Growing up, I wanted to be an optician. My father had sight problems and I wished for a job that would help me make his life easier. However, in my late high school years, I found out that I loved the pen and journal more than anything, so here I am now, a journalist and writer. Unlike me, some people know what and who they want to be at a young age and never let go of their dream no matter the hurdles.
Today’s story is about Senamile Masango, who discovered a love for science and astronomy at the young age of 11. One lesson about astronauts changed her life and she never imagined herself doing anything different.
Masango worked hard academically and excelled. At the age of 16, she had already enrolled at the University of KwaZulu-Natal in South Africa, pursuing a degree in science. Like many of us, she was consumed by the joys and freedoms of student life and ended up falling pregnant prematurely.
“I was not that responsible so I made mistakes and ended up pregnant. I also failed some of my modules,” she recalled in an interview with Global Citizen.
Masango, who came from a very strict home, had to quit varsity for several years. Though she had made a mistake, she did not let it deter her from pursuing her goals. She resumed studies in 2009, graduating in 2010.
She went on to live in Cape Town in 2016 and obtained a master’s degree in nuclear physics, with a distinction. The following year, Masango made history by becoming the first African woman to be part of an African-led experiment at the European Organization for Nuclear Research (CERN), headquartered in Switzerland.
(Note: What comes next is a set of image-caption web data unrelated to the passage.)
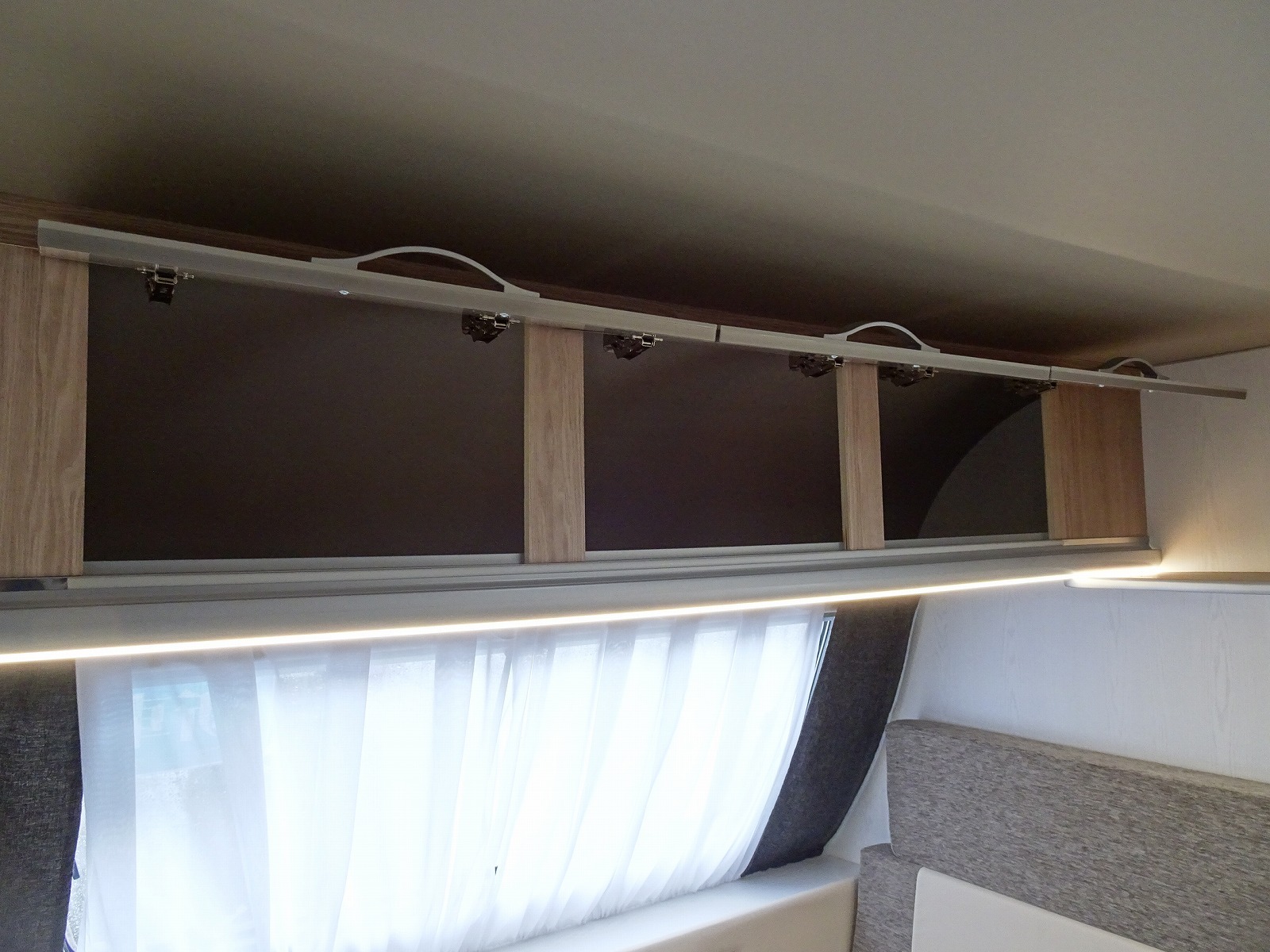 キャンピングカー トレーラー ｴｰｽﾜﾝ330ﾙｰﾑ 登録済未使用車 家庭用ｴｱｺﾝ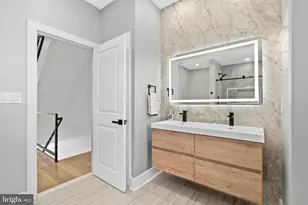 2024 N Palethorp St, Philadelphia, PA 19122 - Photo 11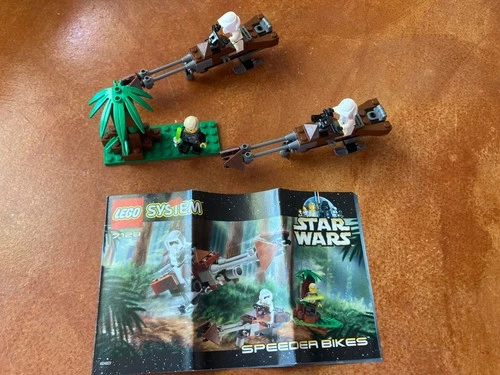 99% Complete LEGO Star Wars: Speeder Bikes (7128)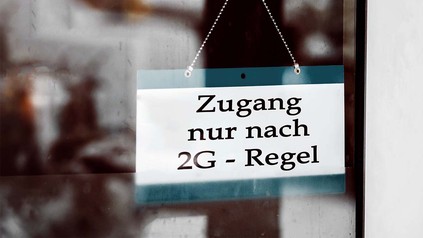 Schild, das auf die 2G-Regel hinweist
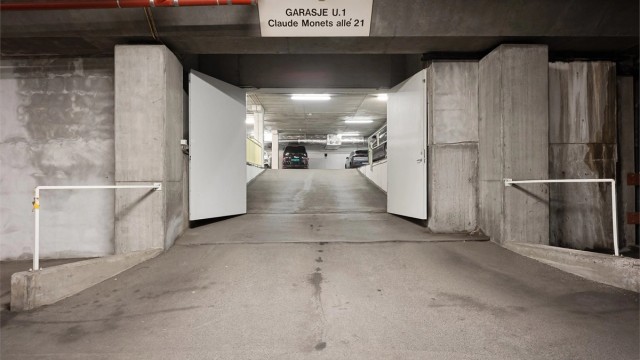 Med leiligheten følger én garasjeplass i felles garasjeanlegg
Indeed, when one is determined to succeed, they stop at nothing. Currently, Masango is a postgraduate nuclear physics researcher at the University of Western Cape.
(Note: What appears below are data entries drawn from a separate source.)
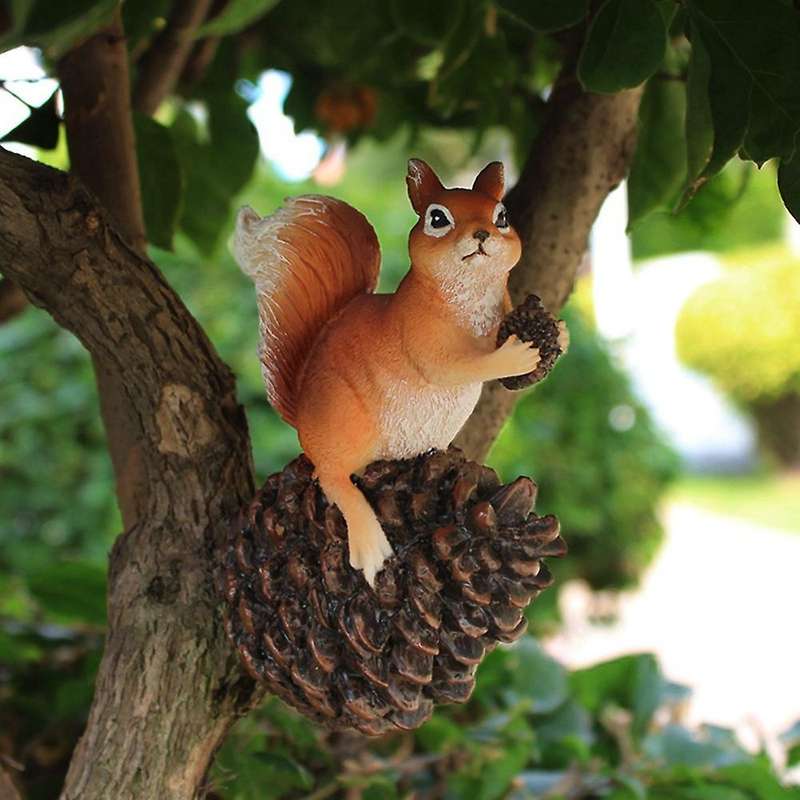 Simulated Squirrel Tree Hanging Creative Mini Landscape Pinecone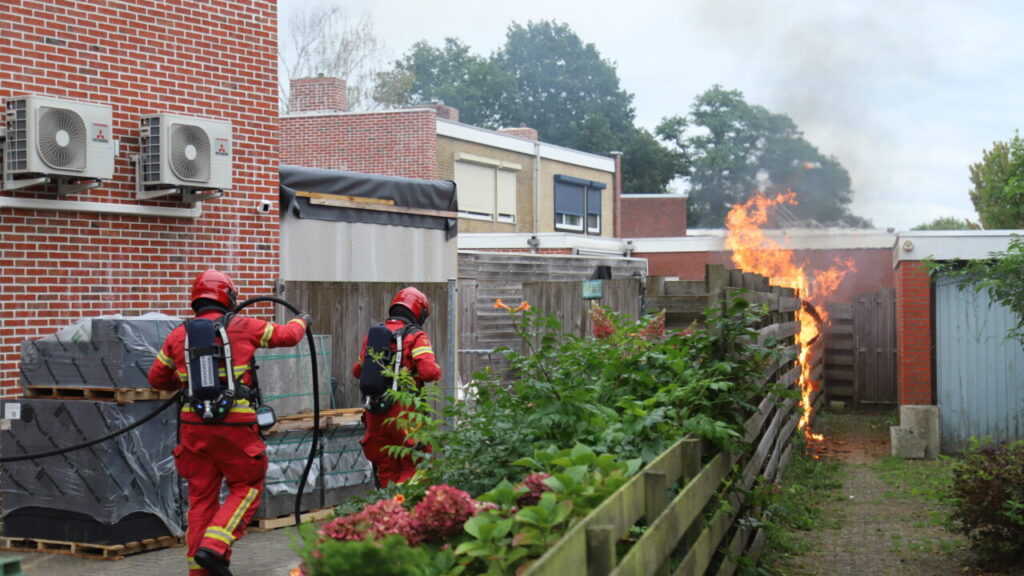 Brand in tuin aan Bilderdijklaan Hoogezand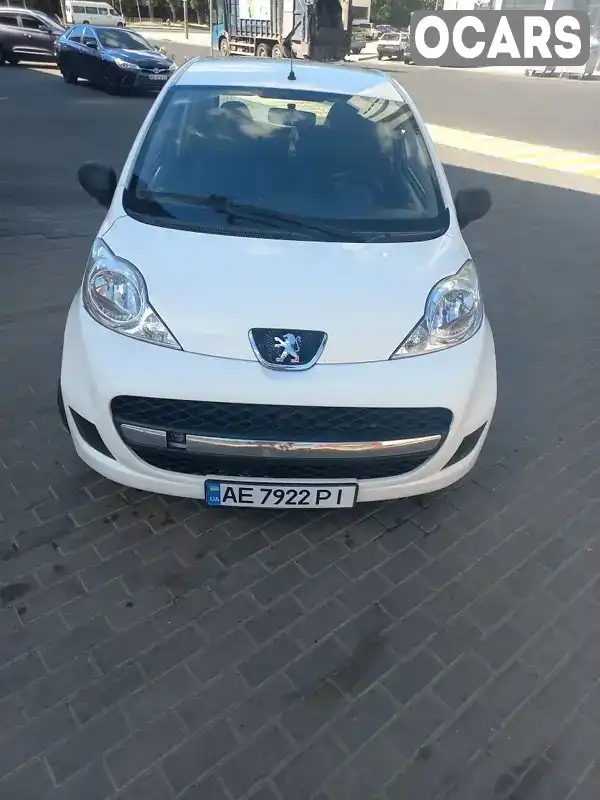 Хетчбек Peugeot 107 2011 1 л. Ручна / Механіка обл. Дніпропетровська, Дніпро (Дніпропетровськ) - Фото 1/7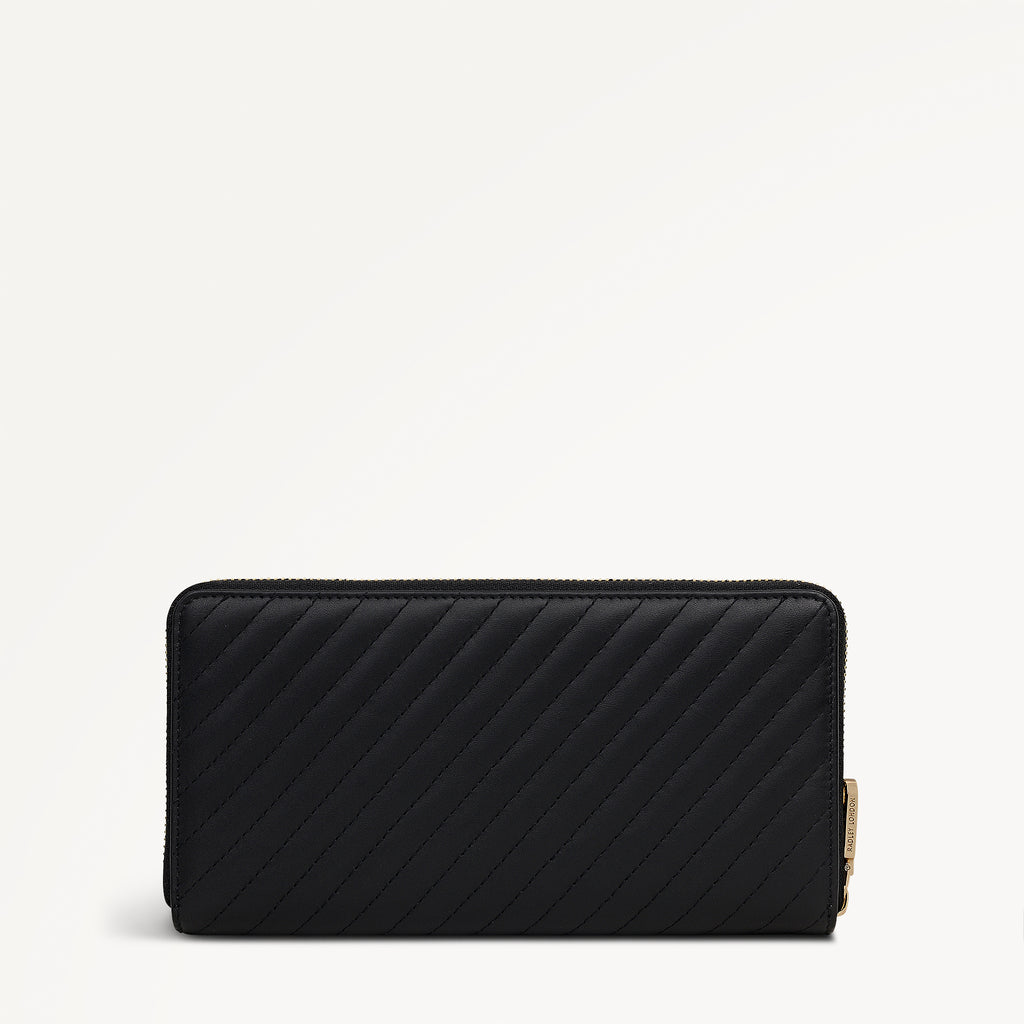 Dukes Place - Quilt - Large Zip Around Purse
The nuclear physicist, who also has a passion for helping black women and girls, set up a foundation to ensure young girls participate more in STEM subjects. Though Masango learnt at a school that had well-furbished computer and science labs, she knows the struggle rural and underprivileged children face.
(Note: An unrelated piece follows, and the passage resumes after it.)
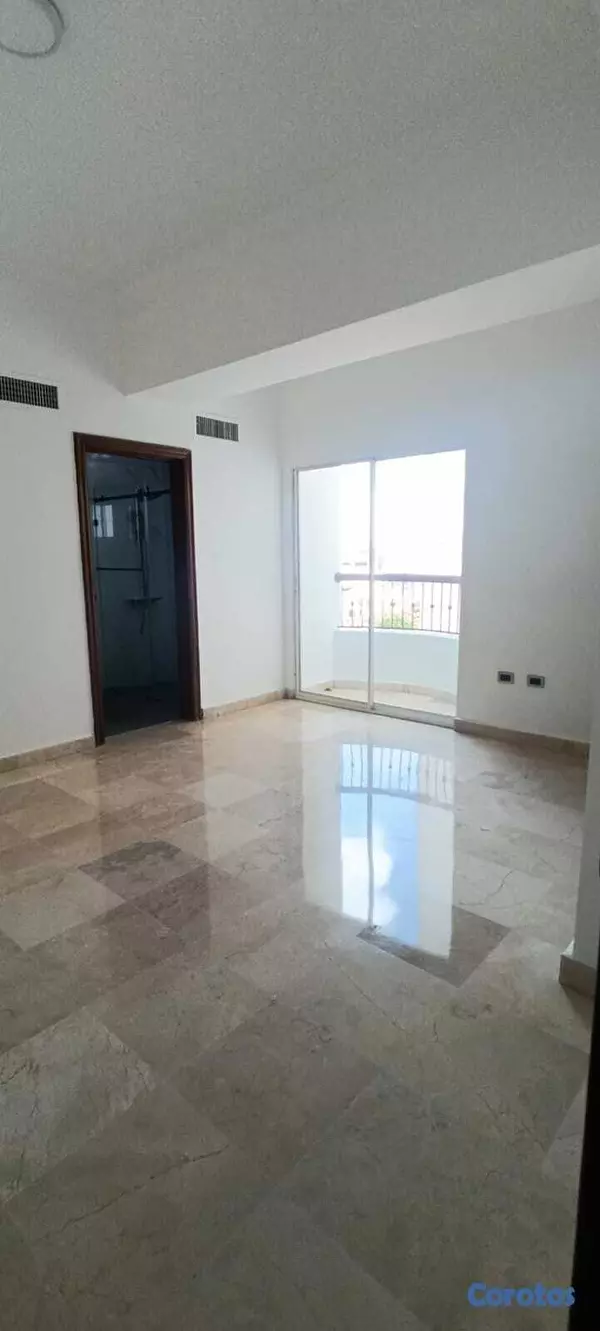 apartamentos -   Renacimiento Apartamento de 250 MTS , piso alto excelente distribución  5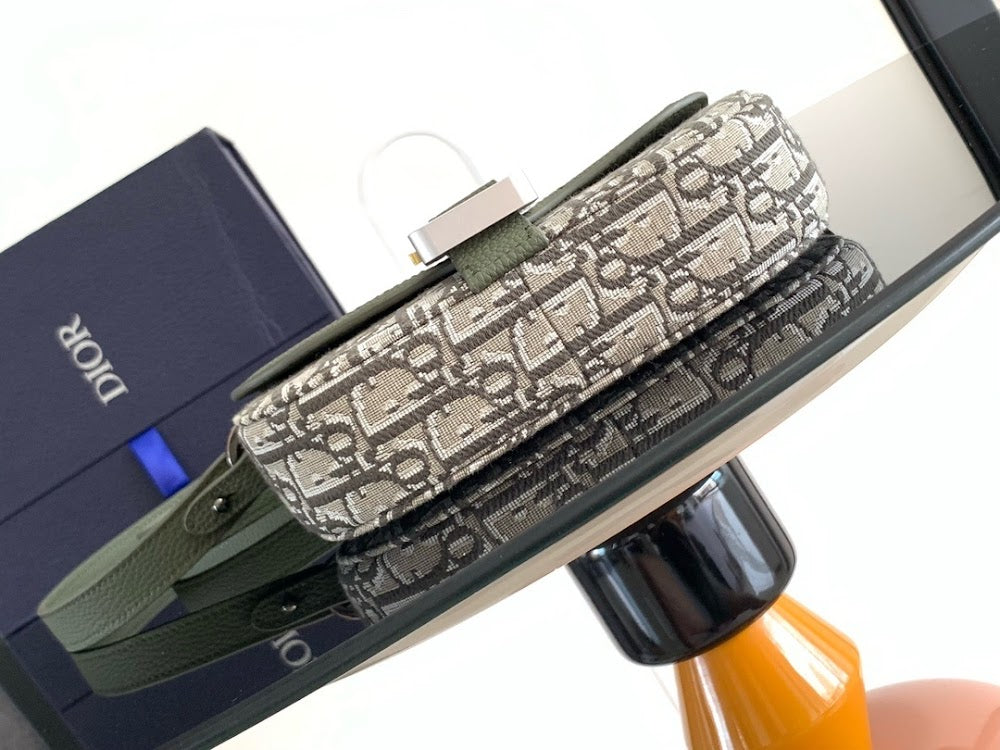 new-luxury-designer-bags-nm15827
She launched Senamile Masango Foundation in 2014. In her interview with Global Citizen she said,
“It addresses challenges that are faced by women in science. It also provides leadership and role models for young people wishing to enter the fields of science and technology. The number of women in engineering and science has been of particular concern as women are still grossly under-represented, with the percentage of female graduates in science and engineering still below 20% in many countries.”
“When you educate a woman, you educate the next generation. All girls in Africa should be encouraged to take science subjects. Women are the greatest resource any country has. Providing encouragement and opportunity for girls and women in science and engineering is one of the most powerful ways of harnessing this resource for the development of the country,” she added in the same interview.
Her foundation has been hosting online workshops since May 2020. It also has a research department and is looking into building science laboratories and providing science kits for students in under-resourced schools.
Masango’s love for science is taking her to great heights. The 33-year-old is also the youngest board member at the South African Nuclear Energy Corporation (NECSA) and has been named one of South Africa’s top Black women scientists. She has also been consulted by President Cyril Ramaphosa on several occasions.
These are just a few of the achievements Masango has and yet she feels she still has a long way to go. She wants to be the first African woman to travel to space, write a book and be a seasoned motivational speaker. Despite her gender and skin colour being a setback throughout her career, Masango has managed to leave a mark.